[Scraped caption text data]
******************************

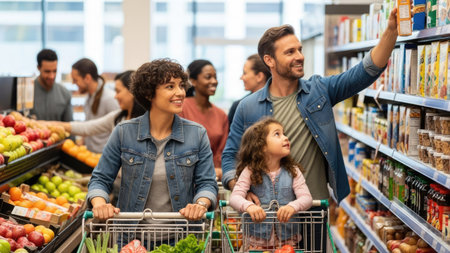 A diverse family browses grocery shelves in a well-stocked supermarket. The composition features various products and several people. The scene is brightly lit with overhead lighting. This image could be suitable for editorial content, advertising materials, or visual representations of consumerism.の素材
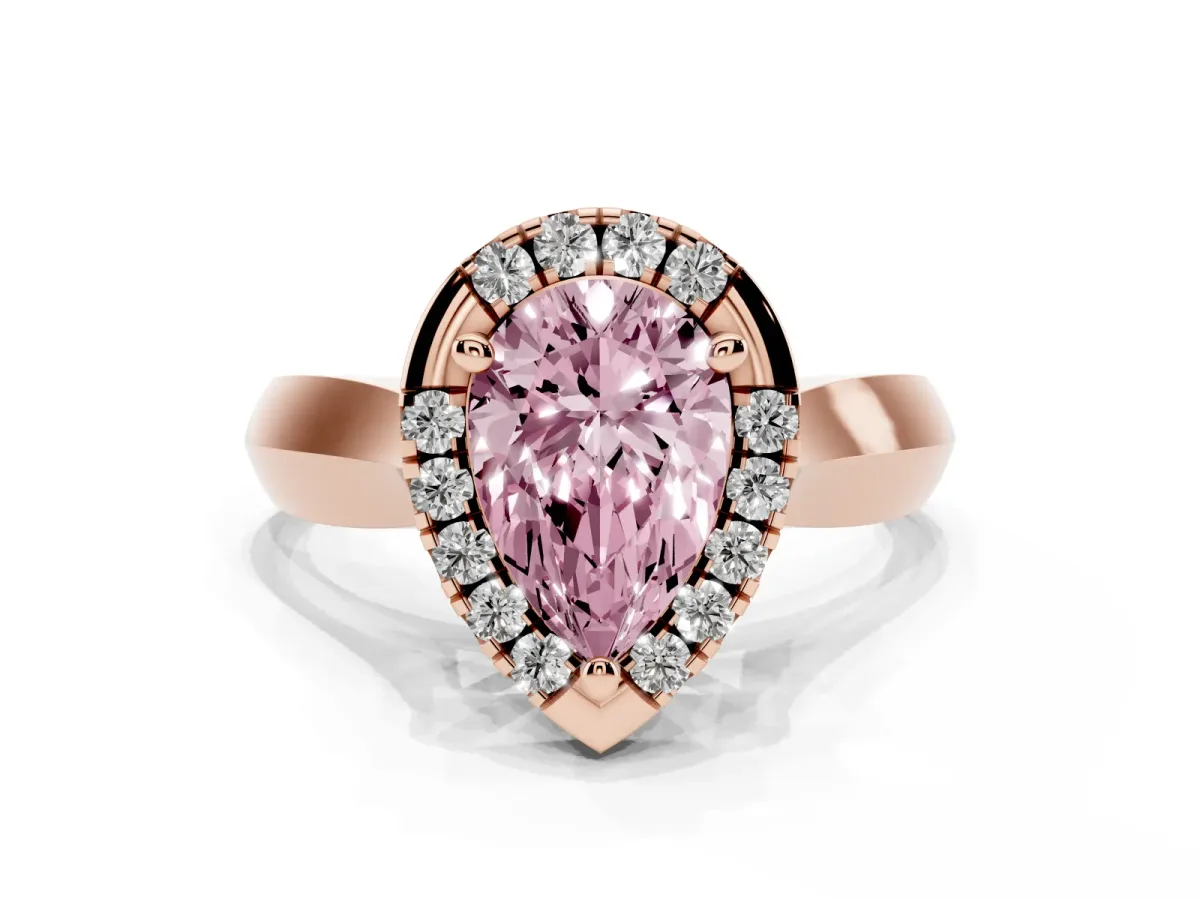 Fancy Pink Pear Cut Cut Halo Solitaire Engagement Ring with Square Band and Four-Prong Setting Rose gold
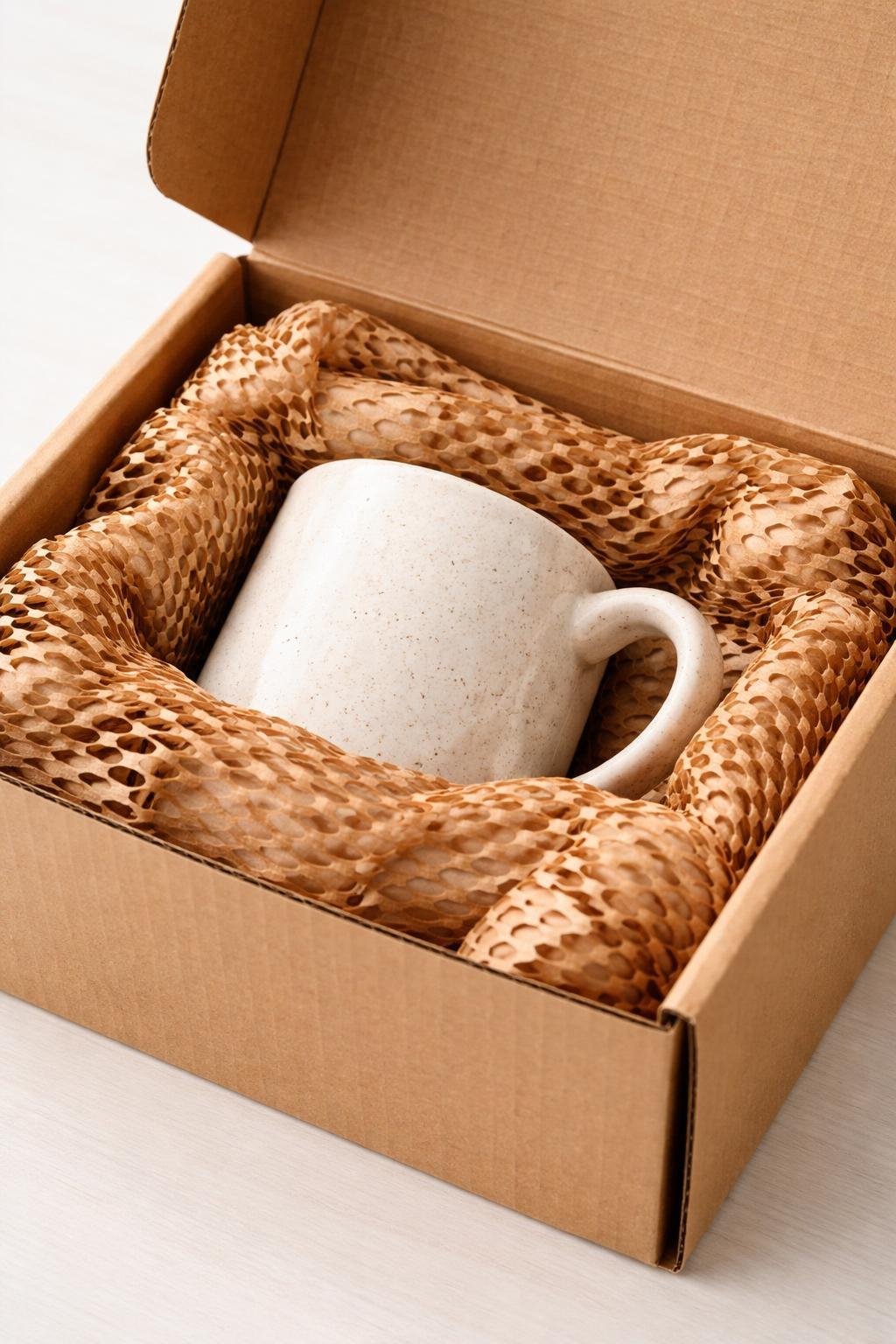 A ceramic mug wrapped in honeycomb tissue paper inside an open mailer box.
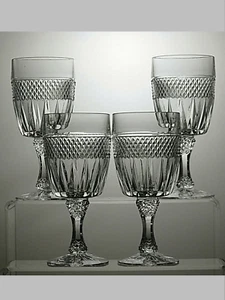 Pressed Glass Claret Set Of 4 Wine Gasses 6"- 34A - Picture 1 of 4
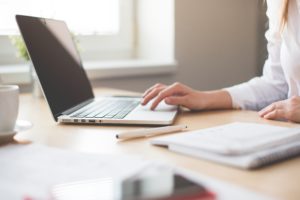 Business woman working at desk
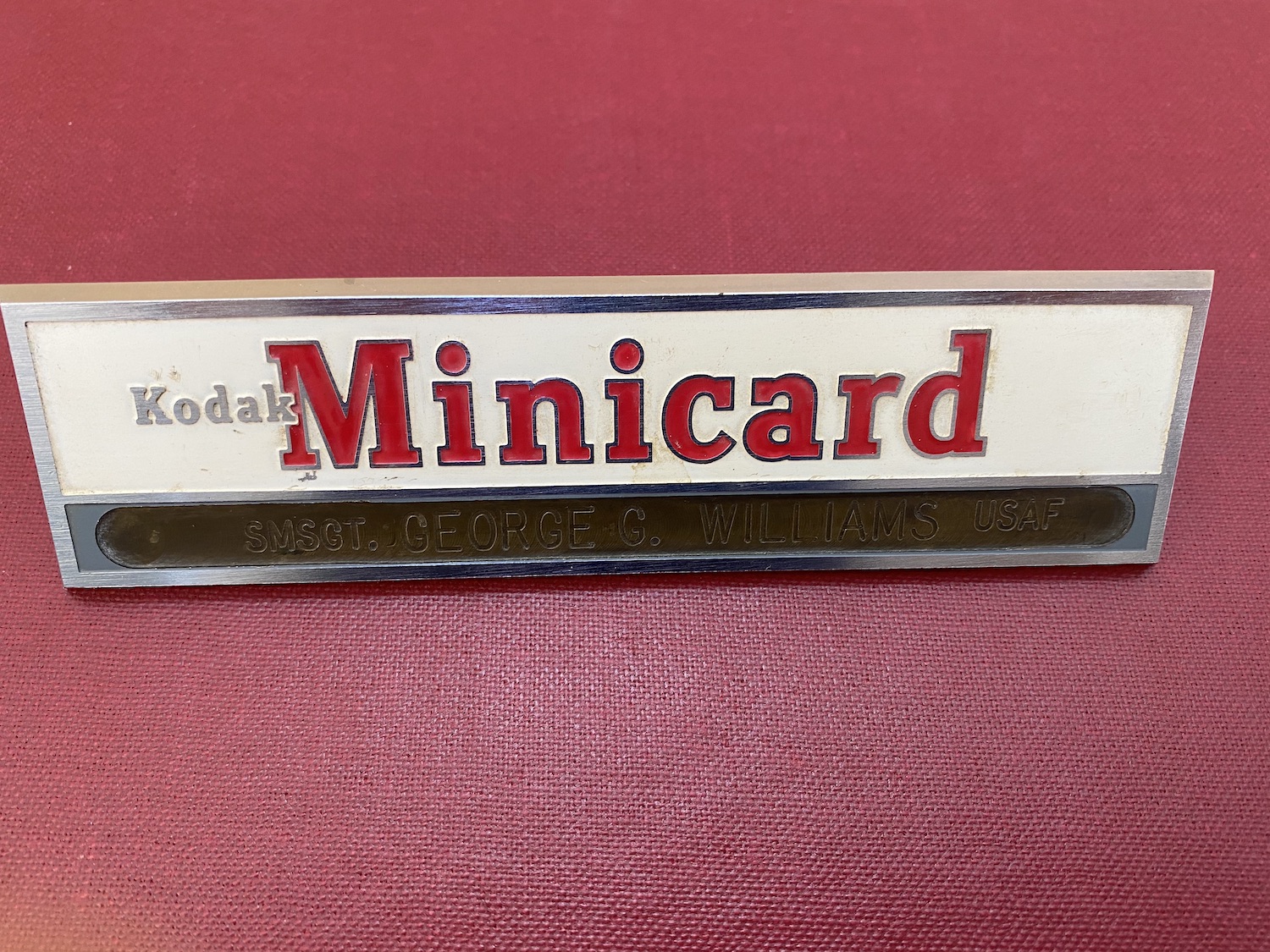 Recordak Minicard plaque formerly on the desk of a U.S. Air Force Senior Master Sergeant working in a Minicard installation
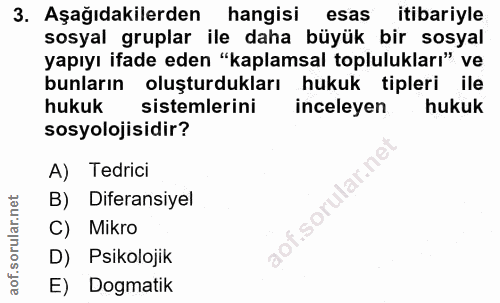 3. soru: Aşağıdakilerden hangisi esas itibariyle sosyal gruplar ile daha büyük bir sosyal yapıyı ifade eden "kaplamsal toplulu…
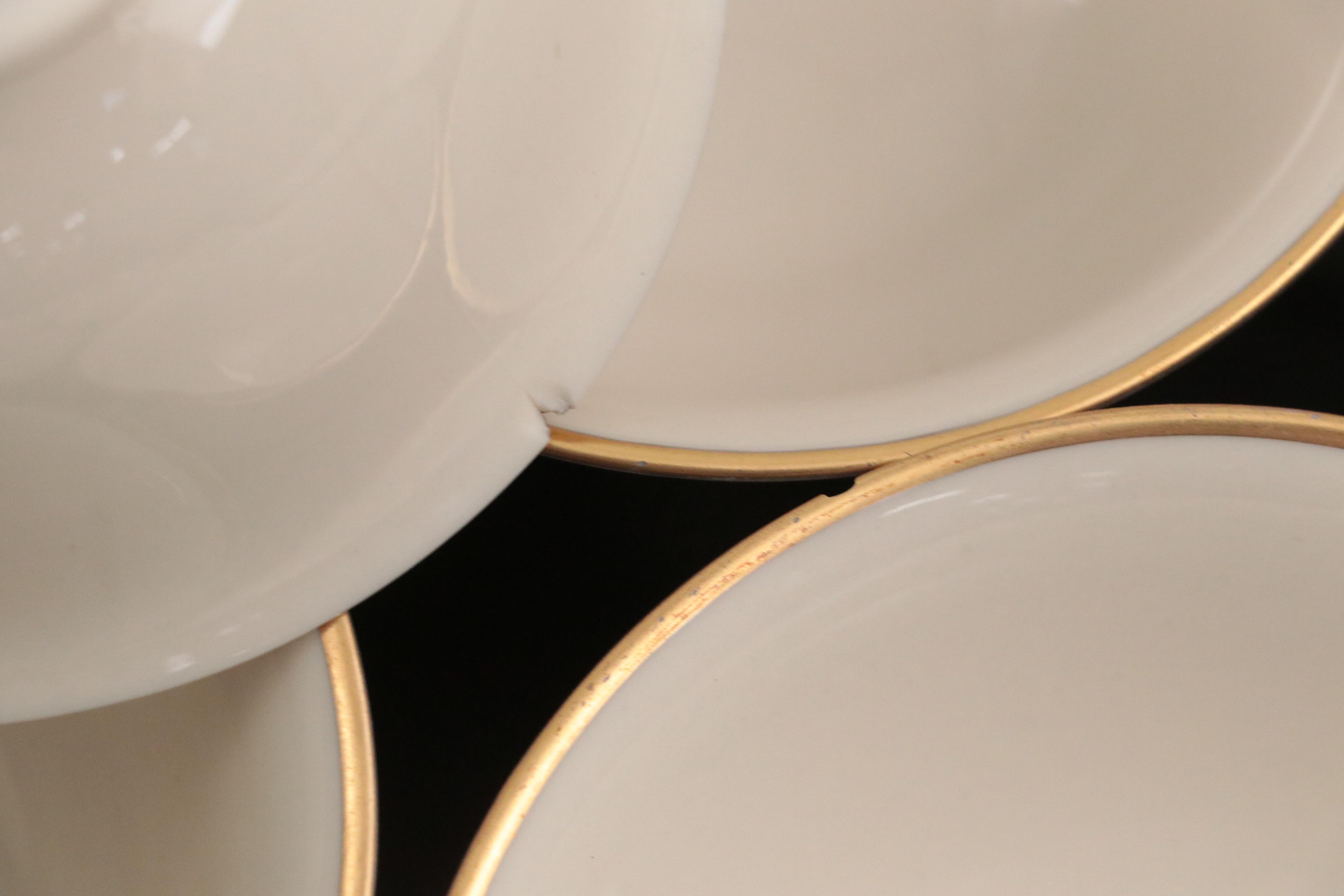 Franciscan "Fremont" Gold Trim Porcelain Dinner Plates, Saucers, and More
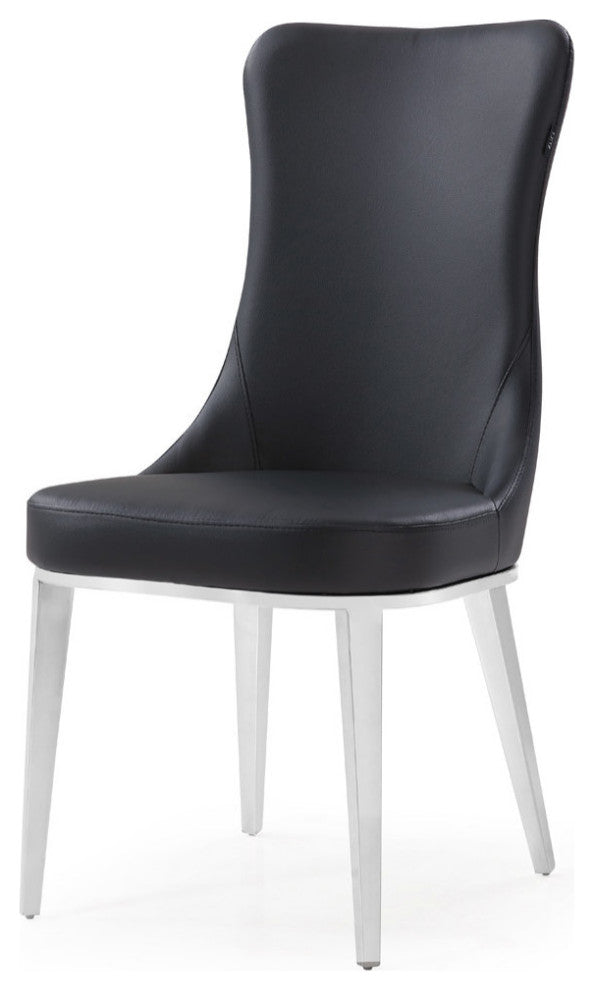 Modern Norma Dining Chair - Black with Polished Stainless Steel Base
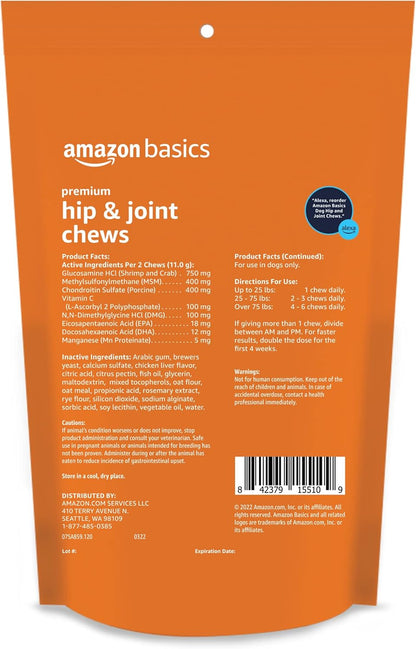 Amazon Basics Premium Dog Hip & Joint Supplement Chews with EPA and DHA, Chicken Liver Flavor, 120 Count (Previously Solimo)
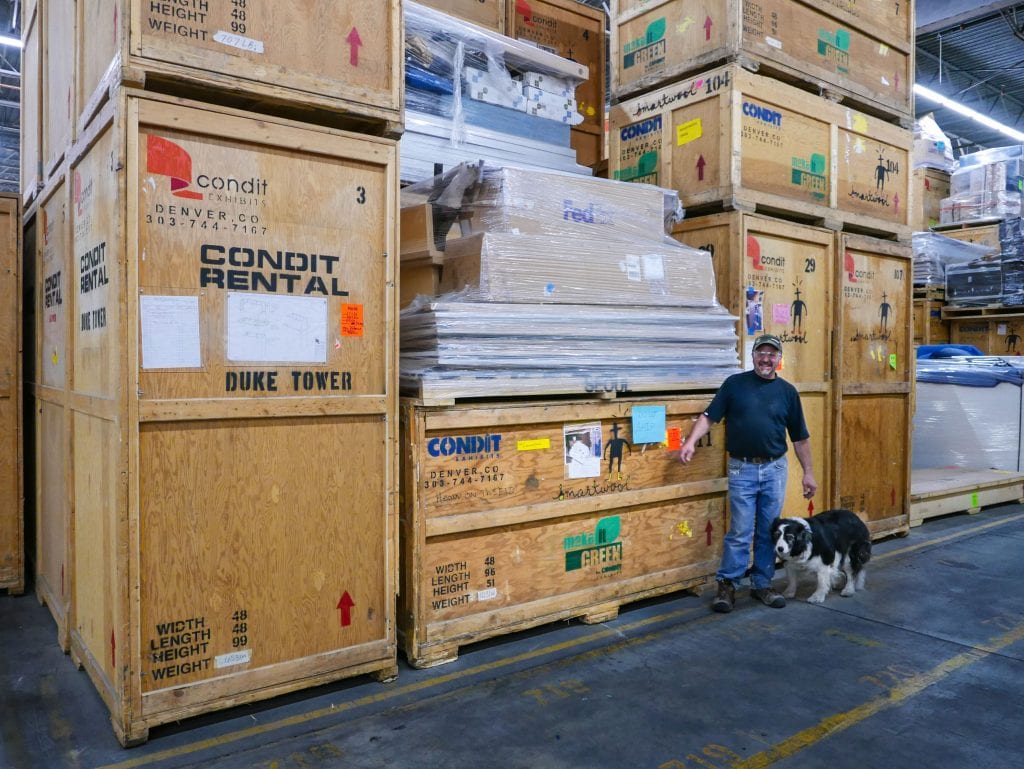 Condit crate builder Scottie Ingvalson and his Border Collie, Duke.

******************************

Print each line above exactly as it appears, excluding all images.

Solution to this exercise
 A diverse family browses grocery shelves in a well-stocked supermarket. The composition features various products and several people. The scene is brightly lit with overhead lighting. This image could be suitable for editorial content, advertising materials, or visual representations of consumerism.の素材
 Fancy Pink Pear Cut Cut Halo Solitaire Engagement Ring with Square Band and Four-Prong Setting Rose gold
 A ceramic mug wrapped in honeycomb tissue paper inside an open mailer box.
 Pressed Glass Claret Set Of 4 Wine Gasses 6"- 34A - Picture 1 of 4
 Business woman working at desk
 Recordak Minicard plaque formerly on the desk of a U.S. Air Force Senior Master Sergeant working in a Minicard installation
 3. soru: Aşağıdakilerden hangisi esas itibariyle sosyal gruplar ile daha büyük bir sosyal yapıyı ifade eden "kaplamsal toplulu…
 Franciscan "Fremont" Gold Trim Porcelain Dinner Plates, Saucers, and More
 Modern Norma Dining Chair - Black with Polished Stainless Steel Base
 Amazon Basics Premium Dog Hip & Joint Supplement Chews with EPA and DHA, Chicken Liver Flavor, 120 Count (Previously Solimo)
 Condit crate builder Scottie Ingvalson and his Border Collie, Duke.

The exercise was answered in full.